Presentation information

International Session (Poster)

Symbol U (Union) » Union

[U-01_1PO1] Forum for Global Data Sciences in Earth and Planetary Research

Thu. May 1, 2014 6:15 PM - 7:30 PM Poster (3F)

Convener:*Murayama Yasuhiro(National Institute of Information and Communications Technology), Toshio Koike(Department of Civil Engineering, The University of Tokyo), Masatoshi Ohishi Masatoshi(Astronomy Data Center, National Astronomical Observatory of Japan), Masaru Kitsuregawa(Institute of Industrial Science, the University of Tokyo), Ryosuke Shibasaki(Center for Spatial Information Science, the University of Tokyo), Takashi Watanabe(Solar-Terrestrial Environment Laboratory, Nagoya University)

6:15 PM - 7:30 PM

[U01-P01] Construction of spatio-temporal data mining system for time-series satellite imagery using Hadoop

Kou NISHIMAE1, Tomoya MIYOSHI1, *Rie HONDA1 (1.Kochi University)

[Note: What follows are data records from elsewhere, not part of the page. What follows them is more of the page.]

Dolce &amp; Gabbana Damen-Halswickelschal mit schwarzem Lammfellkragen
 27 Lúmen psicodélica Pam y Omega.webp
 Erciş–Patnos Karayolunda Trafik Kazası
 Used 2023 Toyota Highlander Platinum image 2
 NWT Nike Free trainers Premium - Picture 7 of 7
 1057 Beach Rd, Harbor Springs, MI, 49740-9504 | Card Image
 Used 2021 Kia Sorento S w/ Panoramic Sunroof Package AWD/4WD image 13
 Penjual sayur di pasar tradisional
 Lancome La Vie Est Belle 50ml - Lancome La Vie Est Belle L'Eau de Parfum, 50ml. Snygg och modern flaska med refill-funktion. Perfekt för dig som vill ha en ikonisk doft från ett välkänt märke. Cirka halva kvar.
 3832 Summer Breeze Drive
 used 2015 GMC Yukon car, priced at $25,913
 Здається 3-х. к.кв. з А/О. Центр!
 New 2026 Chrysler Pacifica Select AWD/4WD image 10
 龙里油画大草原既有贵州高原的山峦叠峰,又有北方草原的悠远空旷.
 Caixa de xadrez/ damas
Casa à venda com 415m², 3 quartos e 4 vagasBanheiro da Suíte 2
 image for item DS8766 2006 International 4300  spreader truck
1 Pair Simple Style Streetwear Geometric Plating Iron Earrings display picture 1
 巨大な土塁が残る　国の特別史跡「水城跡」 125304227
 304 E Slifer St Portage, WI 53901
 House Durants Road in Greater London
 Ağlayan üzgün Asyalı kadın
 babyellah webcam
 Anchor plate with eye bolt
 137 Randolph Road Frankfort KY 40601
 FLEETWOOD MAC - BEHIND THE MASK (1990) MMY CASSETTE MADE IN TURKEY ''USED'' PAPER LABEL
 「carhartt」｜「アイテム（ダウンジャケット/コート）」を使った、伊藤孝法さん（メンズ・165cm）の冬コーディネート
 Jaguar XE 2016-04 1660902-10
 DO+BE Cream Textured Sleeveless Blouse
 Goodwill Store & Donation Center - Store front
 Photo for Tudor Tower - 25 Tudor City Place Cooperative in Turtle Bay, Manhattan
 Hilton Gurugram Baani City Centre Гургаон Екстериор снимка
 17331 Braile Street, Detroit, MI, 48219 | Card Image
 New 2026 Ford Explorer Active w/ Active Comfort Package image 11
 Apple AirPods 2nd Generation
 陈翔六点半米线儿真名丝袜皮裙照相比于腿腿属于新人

Keywords:distrubuted processing, Hadoop, MapReduce, data mining, spatio-temporal, satellite imagery

A large number of spatio-temporal data have been stored in various fields of science, such as remote sensing, numerical simulation, and astronomical observation, in which data often appears as time-series images. To extract spatio-temporal knowledge from spatio-temporal data including time-series images, spatio-temporal cross section relevant to a target task has to be extracted from a mass of data. Since these data are stored as a large number of files, utilization of distributed processing framework such as Hadoop or Gfarm is promising. We constructed distributed data mining system for time-series satellite images using 53 nodes (3 masters and 50 slaves at maximum) of iMac and Hadoop which enables distributed file system and distributed processing using MapReduce. We evaluated the scalability and performance of the system for the task extracting time-series data from a large number of images carefully and found that partitioning the images into optimum numbers and reducing the data between map phase and reduce phase is essential.The system was then applied to two different tasks focusing on time-series data analysis extracted from satellite imagery: statistical modeling of seasonal changes in vegetation index and spatio-temporal correlation analysis of weather satellite images. The tasks were successfully implemented on the system and the computational time was decreased in inverse proportion to the number of slave nodes, thus usefulness of the distributed system to spatio-temporal data mining for time-series images.